# TO DO:
Given the entries below, would you transcribe exactly the lines starting at the one with "sobreposição de calcário e" and ending at the one with "Chimamanda Ngozi Adichie", both kept, pictures omitted, nothing extra?

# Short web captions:
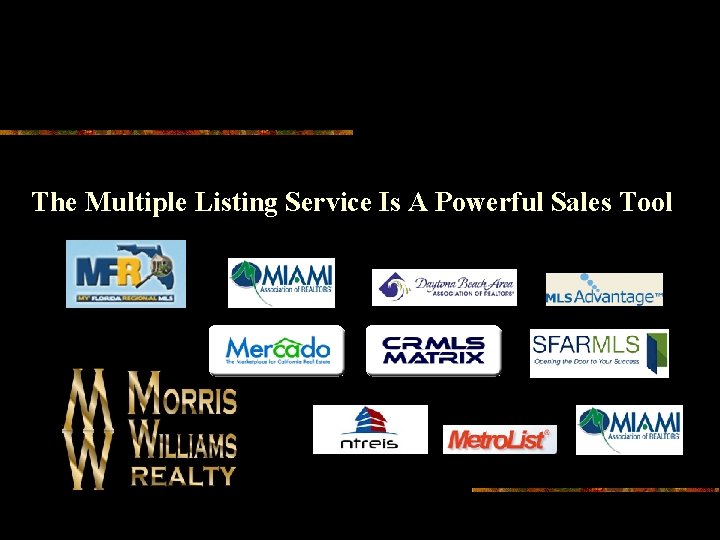 The Multiple Listing Service Is A Powerful Sales Tool 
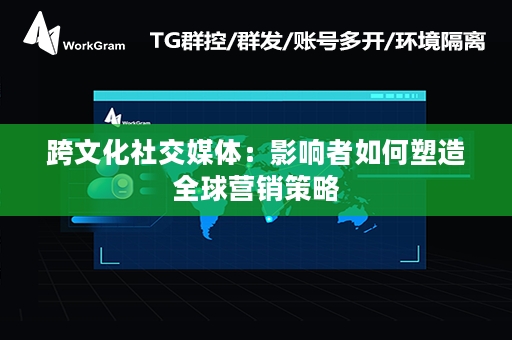 跨文化社交媒体：影响者如何塑造全球营销策略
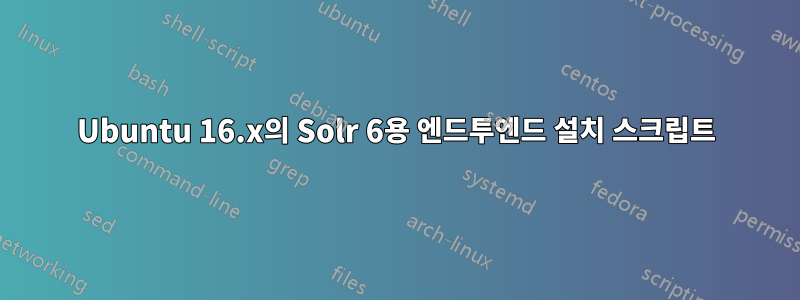 Ubuntu 16.x의 Solr 6용 엔드투엔드 설치 스크립트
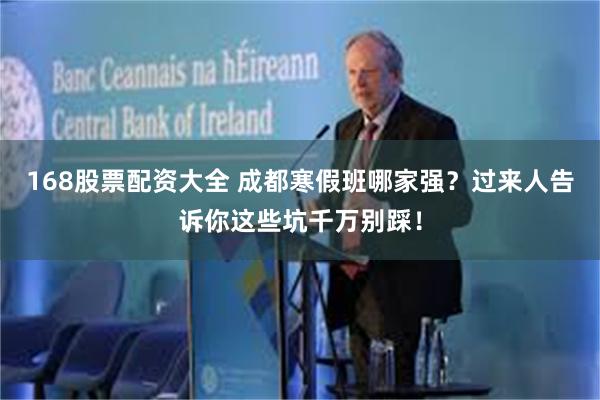 168股票配资大全 成都寒假班哪家强？过来人告诉你这些坑千万别踩！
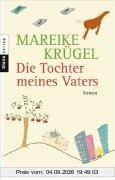 Die Tochter meines Vaters: Roman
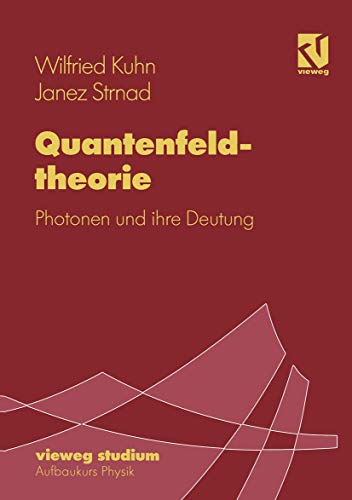 Quantenfeldtheorie. Photonen und ihre Deutung. von Vieweg+Teubner Verlag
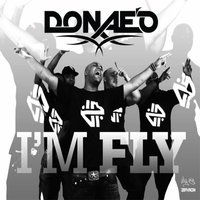 I'm Fly - Donae'O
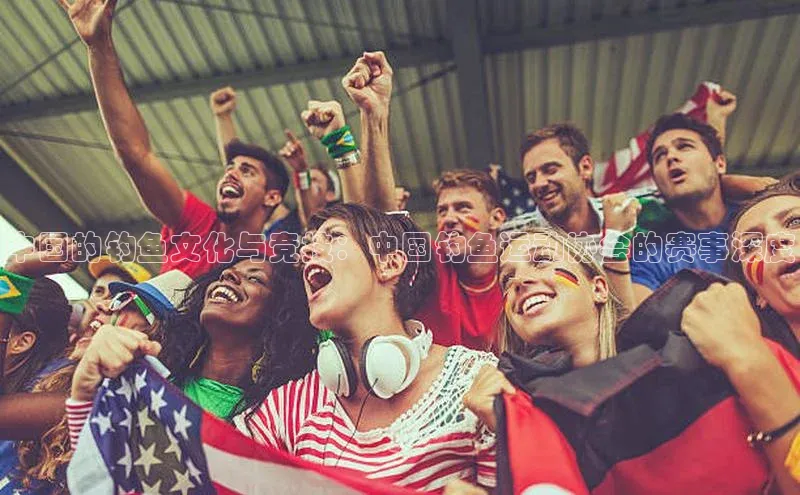 中国的钓鱼文化与竞技：中国钓鱼运动协会的赛事深度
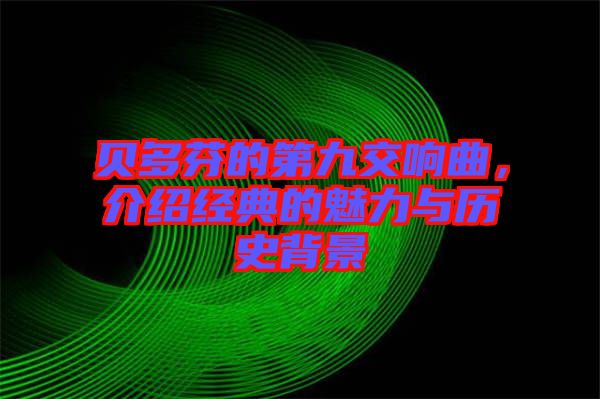 貝多芬的第九交響曲,介紹經典的魅力與歷史背景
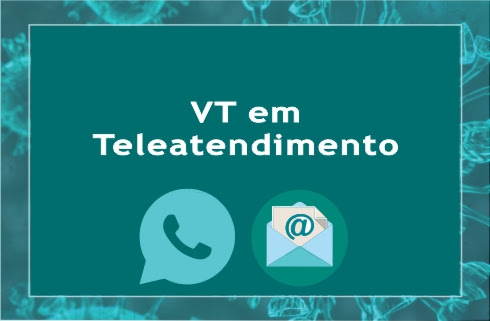 Ilustração com texto &quot;VT em Teleatendimento&quot; e o símbolo do Whatsapp e do e-mail&quot;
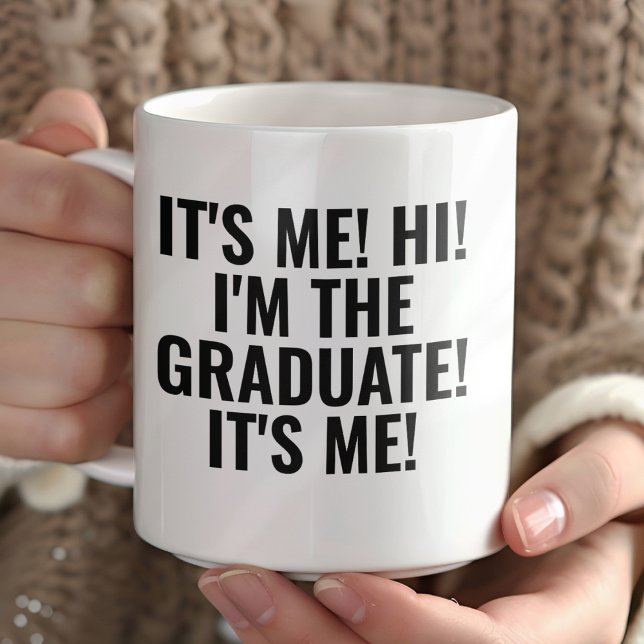 Mug C'est moi, salut, je suis le diplômé ! Drôle  (Créateur téléchargé)
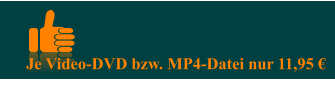 Je Video-DVD bzw. MP4-Datei nur 11,95 €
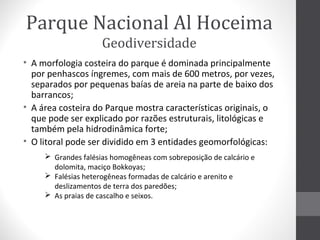 Parque Nacional Al Hoceima
Geodiversidade
• A morfologia costeira do parque é dominada principalmente
por penhascos íngremes, com mais de 600 metros, por vezes,
separados por pequenas baías de areia na parte de baixo dos
barrancos;
• A área costeira do Parque mostra características originais, o
que pode ser explicado por razões estruturais, litológicas e
também pela hidrodinâmica forte;
• O litoral pode ser dividido em 3 entidades geomorfológicas:
 Grandes falésias homogêneas com sobreposição de calcário e
dolomita, maciço Bokkoyas;
 Falésias heterogêneas formadas de calcário e arenito e
deslizamentos de terra dos paredões;
 As praias de cascalho e seixos.

 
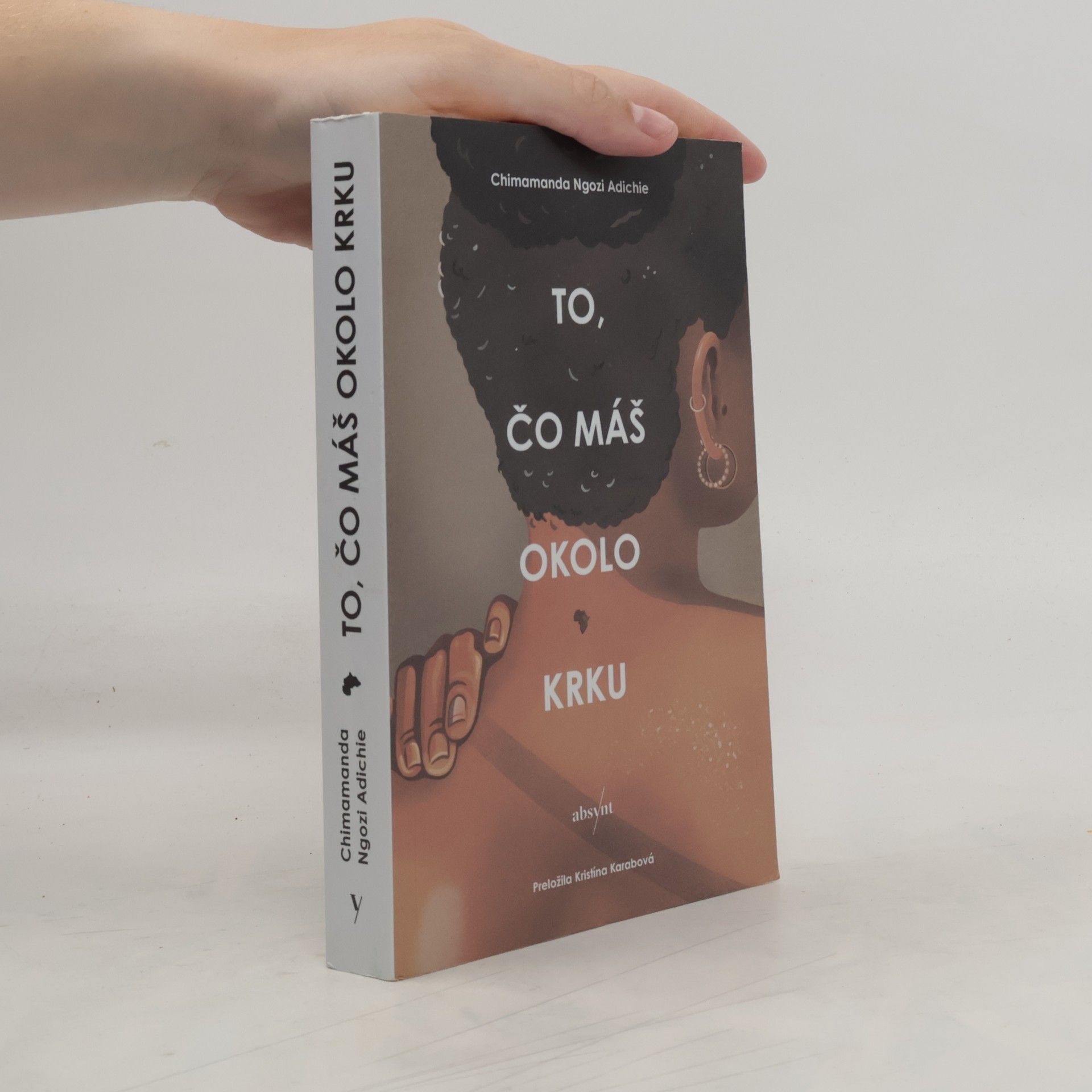 Chimamanda Ngozi Adichie To, čo máš okolo krku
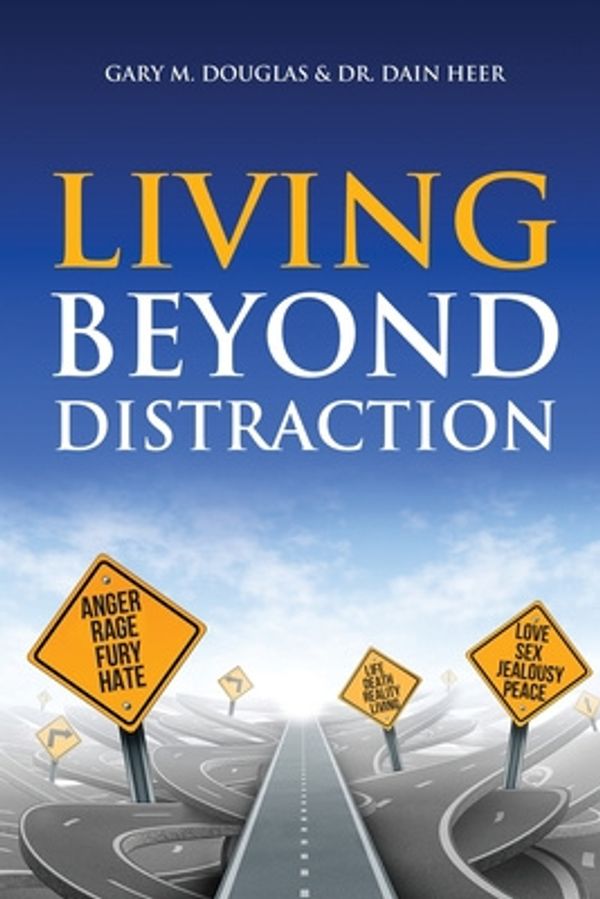 Cover Art for 9781634930123, Living Beyond Distraction by Gary M. Douglas, Dr. Dain Heer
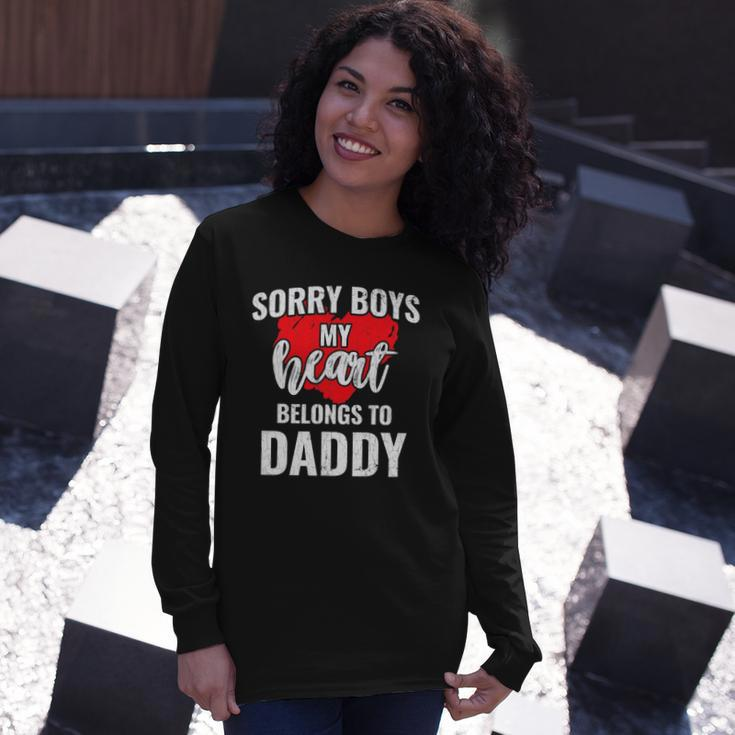 Sorry Boys My Heart Belongs To Daddy Valentines Long Sleeve T-Shirt T-Shirt Gifts for Her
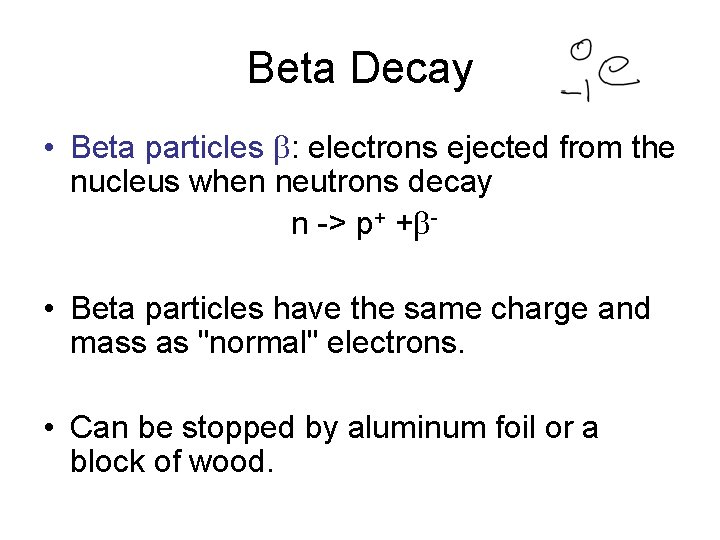 Beta Decay • Beta particles b: electrons ejected from the nucleus when neutrons decay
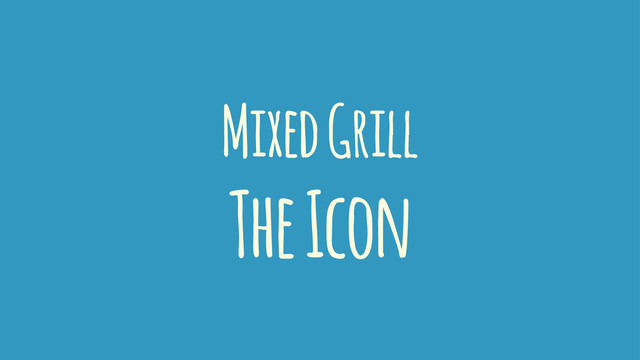 Mixed Grill
The Icon
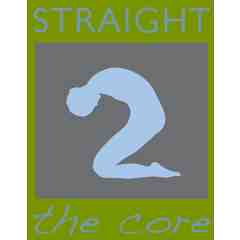 Straight 2 the Core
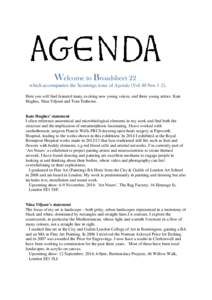 Welcome to Broadsheet 22 which accompanies the Scentings issue of Agenda (Vol 48 Nos[removed]Here you will find featured many exciting new young voices, and three young artists: Kate Hughes, Nina Viljoen and Tom Treherne. 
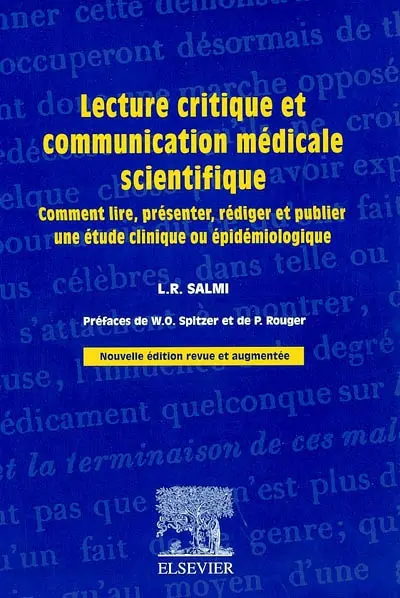 Lecture critique et communication médicale scientifique : comment lire, présenter, rédiger et publier une étude clinique ou épidémiologique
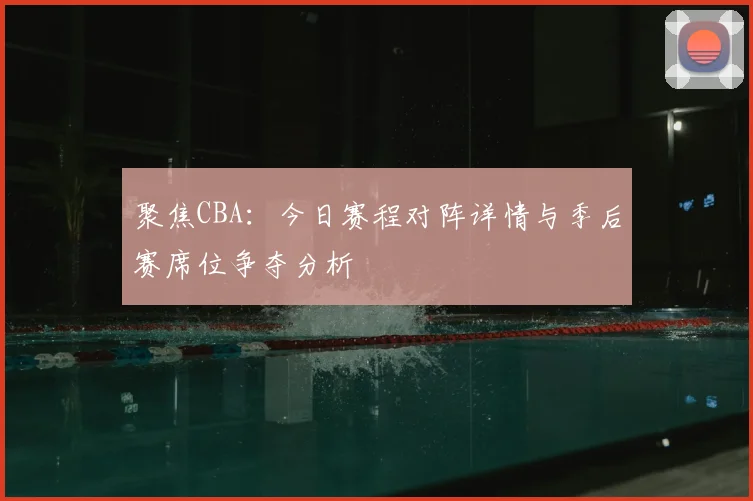 聚焦CBA：今日赛程对阵详情与季后赛席位争夺分析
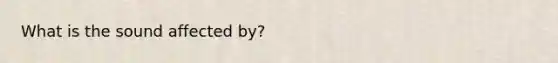 What is the sound affected by?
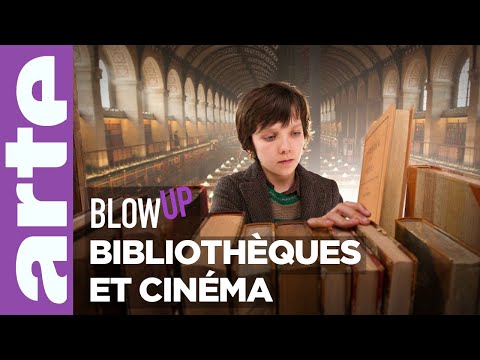 Bibliothèques et cinéma - Blow Up - ARTE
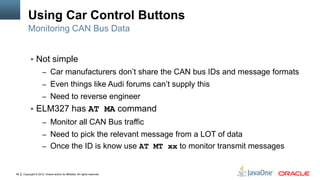 Copyright © 2012, Oracle and/or its affiliates. All rights reserved.46
Using Car Control Buttons
 Not simple
– Car manufacturers don’t share the CAN bus IDs and message formats
– Even things like Audi forums can’t supply this
– Need to reverse engineer
 ELM327 has AT MA command
– Monitor all CAN Bus traffic
– Need to pick the relevant message from a LOT of data
– Once the ID is know use AT MT xx to monitor transmit messages
Monitoring CAN Bus Data
 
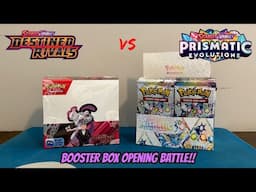 BOOM!! DESTINED RIVALS Booster Box vs. PRISMATIC EVOLUTIONS Booster Box Pokemon Card Opening Battle!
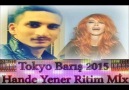 TOKYO BARIŞ 2015 HANDE YENER RİTİM MİX İZMİTLİ İNANÇ FARKIYLA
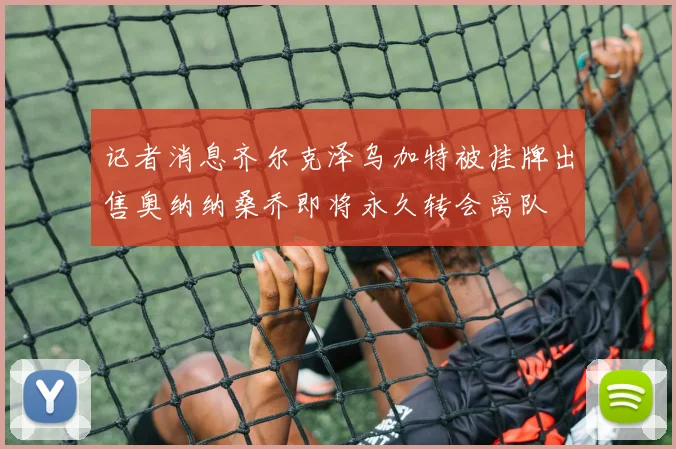记者消息齐尔克泽乌加特被挂牌出售奥纳纳桑乔即将永久转会离队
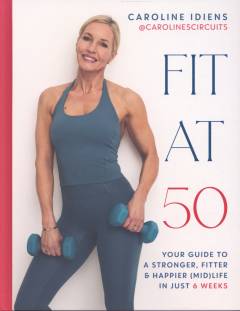 Fit at 50 : your guide to a stronger, fitter & happier (mid)life in just 6 weeks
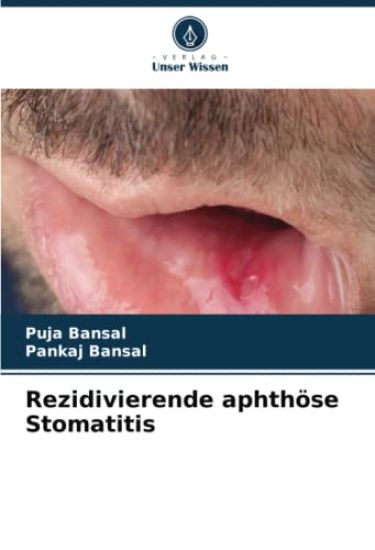 Rezidivierende aphthöse Stomatitis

# ANSWER FOR THIS EXERCISE:
 Grandes falésias homogêneas com sobreposição de calcário e
dolomita, maciço Bokkoyas;
 Falésias heterogêneas formadas de calcário e arenito e
deslizamentos de terra dos paredões;
 As praias de cascalho e seixos.

 
 Chimamanda Ngozi Adichie To, čo máš okolo krku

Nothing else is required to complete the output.